Our Ledgers product lead shares best practices for maintaining a ledger.

Image of Koji Murase
Koji Murase Product

Over the last few years, the banking and fintech community has seen active conversation on the need for better ledgering. Following the Synapse bankruptcy, the FDIC recently proposed a new recordkeeping rule for custodial deposit accounts designed to strengthen recordkeeping at insured depository institutions (IDIs) and protect fintech customers’ funds.

At Modern Treasury, we have a long history of successful ledger implementations. As the industry and regulatory conversation continues, we pulled together these best practices for maintaining a ledger to guide companies on this journey.
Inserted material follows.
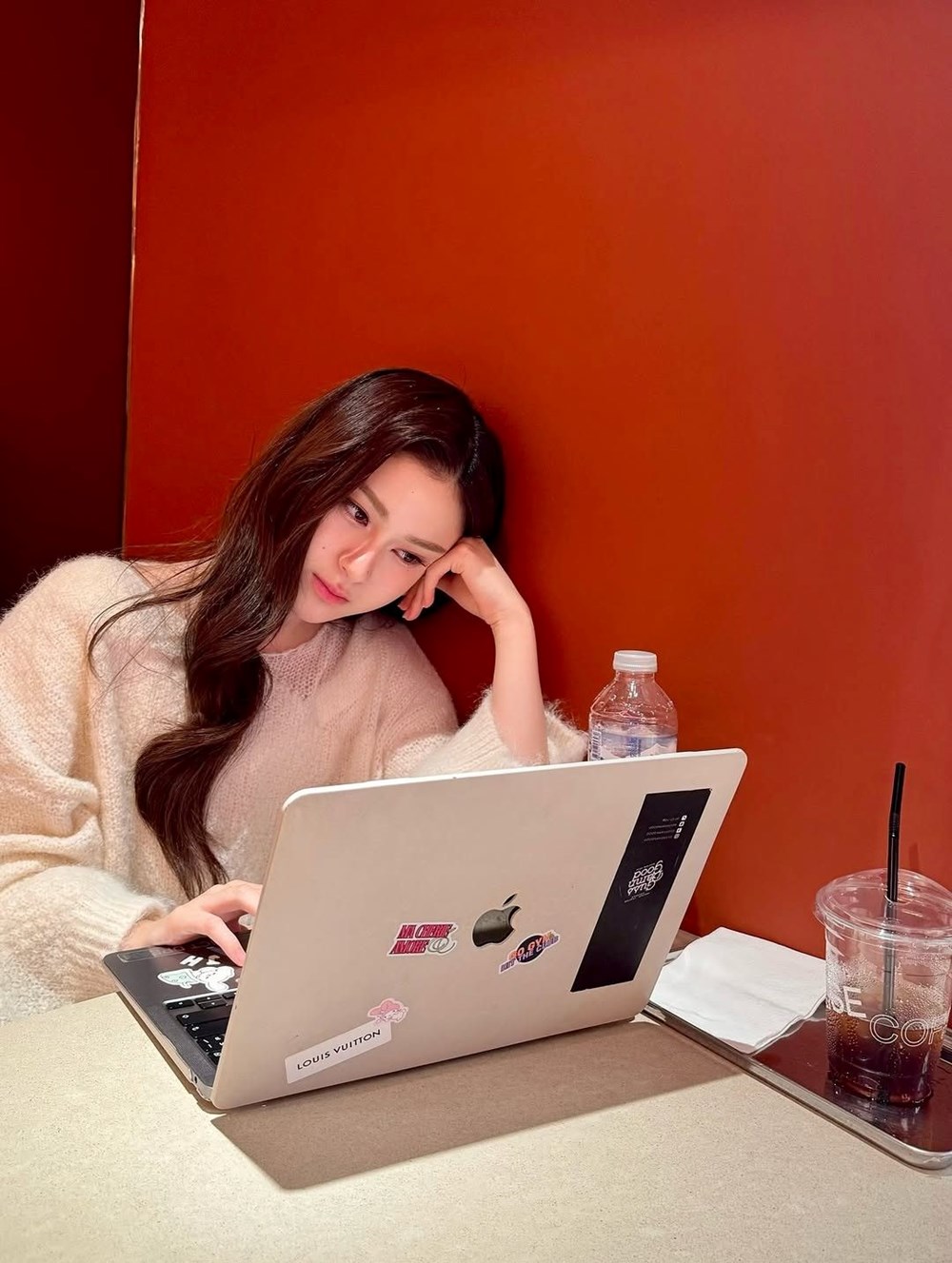 Đi làm mà thái độ thế này: Đừng hỏi vì sao đồng nghiệp chán, sếp chê còn bản thân thì không thăng tiến nổi - ảnh 1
  1. Single source of truth: Companies should maintain a single ledger that combines transactional data from IDIs and operational data to track and reconcile end-user balances.
  2. Transaction reconciliation: Every transaction impacting a beneficial owner balance should have a reference in the ledger to a transaction reported by the IDI by close of day.
  3. Account reconciliation: For a given custodial deposit account, the deposit account cash balance in the ledger should match the IDI’s reported deposit account balance, as of the last reported balance.
  4. Double-entry balancing: Ledger records should be double-entry to ensure a beneficial owner balance in the ledger equals the sum of transactions involving the owner at all times. The cash balance in the ledger should always equal the sum of beneficial owner balances for a given custodial account.
  5. Real-time access: To ensure that beneficial owners can be identified at all times, the IDI should be able to view beneficial ownership interests in the ledger on demand, either via secure access to a ledger dashboard or balance exports on a timetable determined by the IDI.
  6. Immutability: To prevent erroneous or malicious record deletions, neither the IDI nor the fintech should be able to update transactions, beneficial owner data, or balances in the ledger without an audit trail. Any historical state of the ledger can be recovered.
  7. Controls and validation: Access to the ledger should follow industry best practices (including compliance with SOC 1 and SOC 2) and be limited to authorized users at the IDI, fintech, and vendor.
  8. Data completeness: The ledger should include all required beneficiary owner data in the FDIC-mandated format, including account holders and current account balances.
  9. Disaster recovery: Data protection and disaster recovery for the ledger should follow industry best practices. In addition to backups kept by fintechs or vendors, IDIs should maintain access to a copy of the ledger in a data environment outside the fintech or vendor.